§ DIRECTIONS
Starting with the line that contains "Antieke Singer Naaimachine" and stopping after the line that contains "Kombi Kontakt /", return each line below exactly as written, with no others.

§ SOURCE MATERIAL
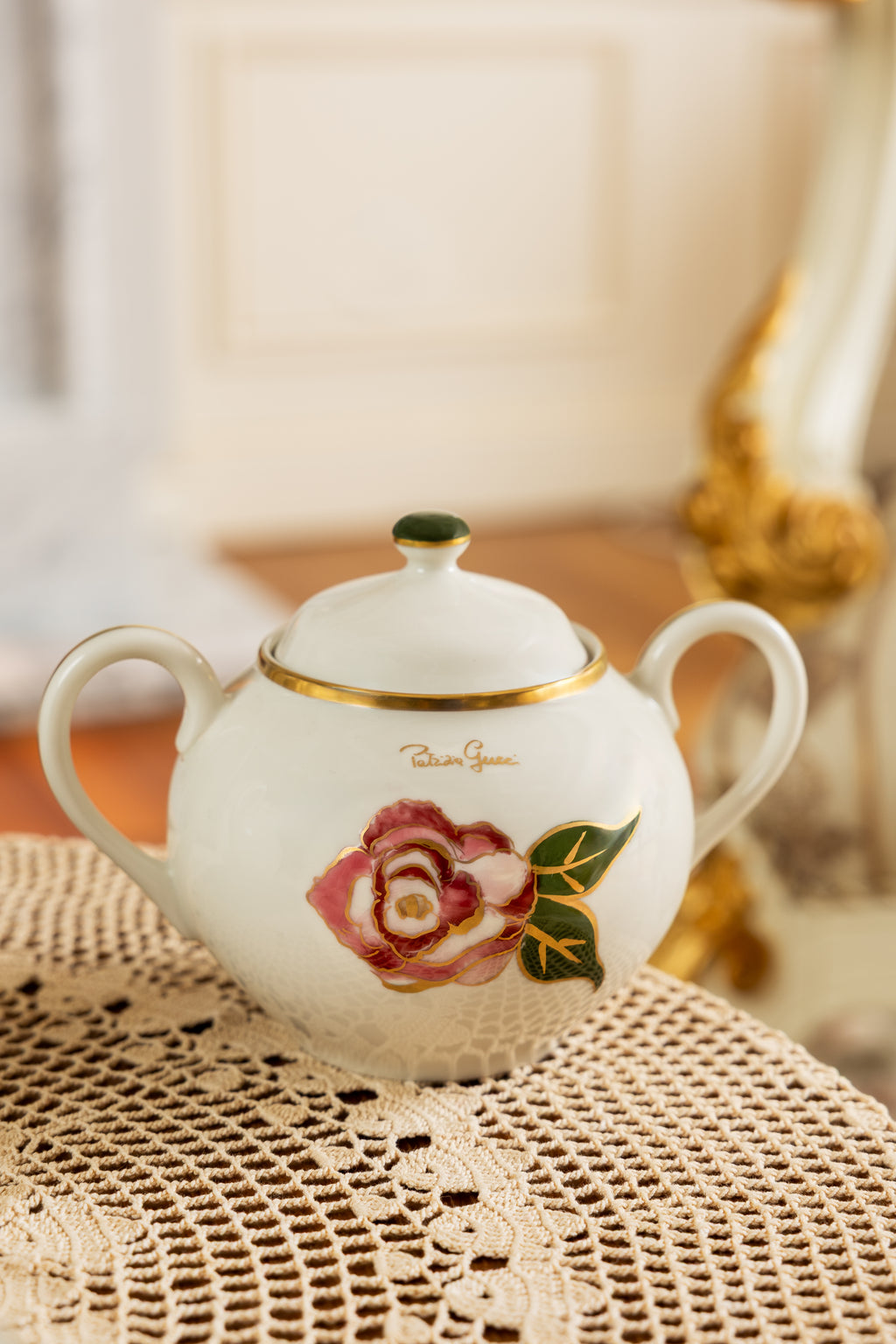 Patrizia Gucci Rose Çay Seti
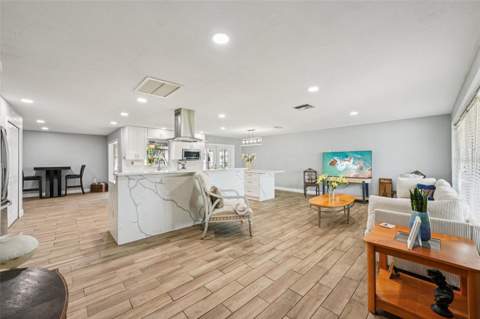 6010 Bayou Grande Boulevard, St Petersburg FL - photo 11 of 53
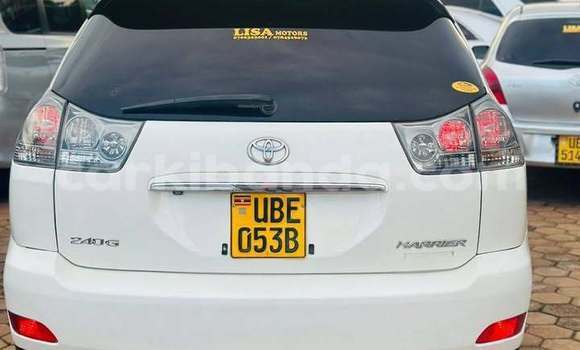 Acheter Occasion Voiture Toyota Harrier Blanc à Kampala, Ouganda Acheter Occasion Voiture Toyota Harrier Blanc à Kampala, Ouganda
* * *
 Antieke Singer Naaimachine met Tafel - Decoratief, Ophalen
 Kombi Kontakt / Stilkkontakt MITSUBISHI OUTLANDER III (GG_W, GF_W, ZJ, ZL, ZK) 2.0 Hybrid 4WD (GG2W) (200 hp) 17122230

§ YOUR RESPONSE
 Antieke Singer Naaimachine met Tafel - Decoratief, Ophalen
 Kombi Kontakt / Stilkkontakt MITSUBISHI OUTLANDER III (GG_W, GF_W, ZJ, ZL, ZK) 2.0 Hybrid 4WD (GG2W) (200 hp) 17122230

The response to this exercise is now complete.